YOUR ASSIGNMENT:
What is needed is an exact copy of the lines in the listing below, from the one with "ktm 125sx in" up to and including the one with "Purple Flower Umbrella", with no other lines.

GIVEN DATA:
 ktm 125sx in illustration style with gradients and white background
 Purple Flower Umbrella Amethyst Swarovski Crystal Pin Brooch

...

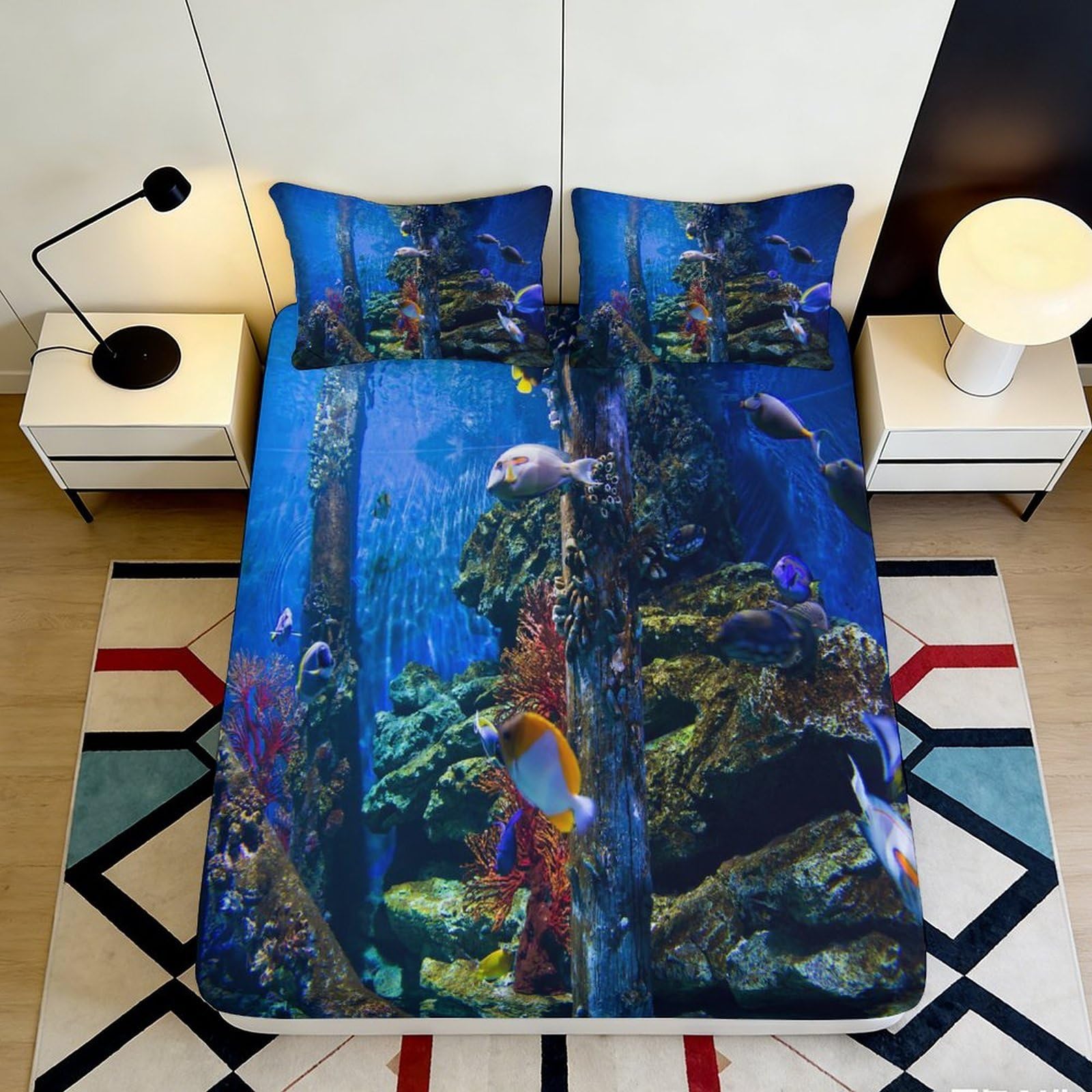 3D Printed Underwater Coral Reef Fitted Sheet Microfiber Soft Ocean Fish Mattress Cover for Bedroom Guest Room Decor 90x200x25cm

EXERCISE OUTPUT:
 ktm 125sx in illustration style with gradients and white background
 Purple Flower Umbrella Amethyst Swarovski Crystal Pin Brooch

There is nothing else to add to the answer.